DATA FOR REVIEW

┄┄┄┄┄┄┄┄┄┄

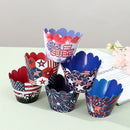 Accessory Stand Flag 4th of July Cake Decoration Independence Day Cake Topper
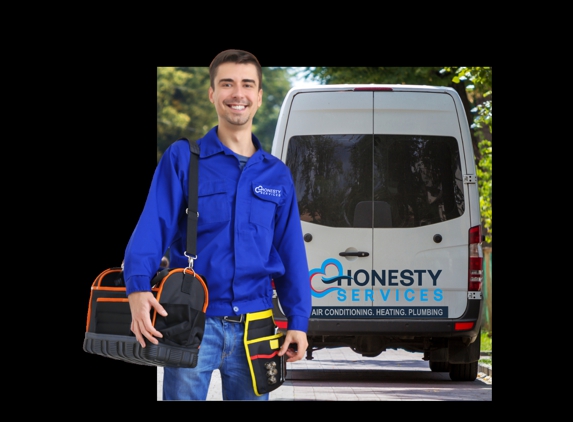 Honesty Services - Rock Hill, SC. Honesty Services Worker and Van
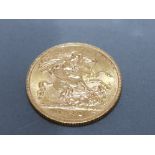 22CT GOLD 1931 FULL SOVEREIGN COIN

┄┄┄┄┄┄┄┄┄┄

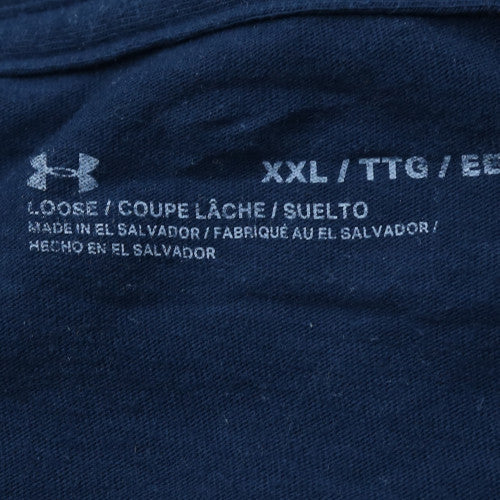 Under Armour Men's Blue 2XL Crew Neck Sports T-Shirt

┄┄┄┄┄┄┄┄┄┄

THE PROBLEM
Above are entries with pictures among them. Write out exactly the lines from the one containing "Accessory Stand Flag" through the one containing "22CT GOLD 1931 FULL SOVEREIGN COIN", ends included, and leave those pictures out.

TASK RESPONSE
 Accessory Stand Flag 4th of July Cake Decoration Independence Day Cake Topper
 Honesty Services - Rock Hill, SC. Honesty Services Worker and Van
 22CT GOLD 1931 FULL SOVEREIGN COIN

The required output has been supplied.